Place died:  Bearswood End, Beaconsfield, United Kingdom

Keeper of the Wallace Collection and authority on armour.  Camp was the son of E. D. Camp.  He was educated at Birbeck College.  In 1890 he entered the British civil service of the Conservative Central Office.  By 1900 he had switched to the newly established Wallace Collection, where his duties were initially conceived of as bureaucratic.  In 1908 he was appointed assistant keeper (curator) of the collection.  He married Ada Sarah Jackson in 1912 (d. 1928). He was in charge of removal of the collection to an underground facility during World War I as Hertford House was occupied by the War Department. In 1919 when Sir Guy Laking died, Camp was made inspector of the Amouries as well.

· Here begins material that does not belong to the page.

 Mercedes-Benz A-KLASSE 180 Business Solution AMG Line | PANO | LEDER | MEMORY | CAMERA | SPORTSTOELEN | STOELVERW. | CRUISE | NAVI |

He rewrote the amour catalog for the Wallace Collection, except for the final volume. He succeeded D. S. McColl as keeper in 1924.  Shortly thereafter, Camp hired a young Oxford graduate, Philip Hendy (q.v.) to be assistant keeper.  It was Camp who showed Hendy's entries for the Wallace catalog to Trustees of the Gardner Museum in Boston, U.S.A.  This launched Hendy's career, eventually being appointed Director of the National Gallery, London.

Home Country:  United Kingdom

Sources:  "Mr. S. J. Camp Keeper Of The Wallace Collection." The Times (London) May 8, 1936, p. 18; "S. J. Camp." D. S. M. [McColl] The Burlington Magazine 68, No. 399 (June 1936): 298

Bibliography:  "Early Days at the Wallace Collection."  Artwork (Autumn 1930).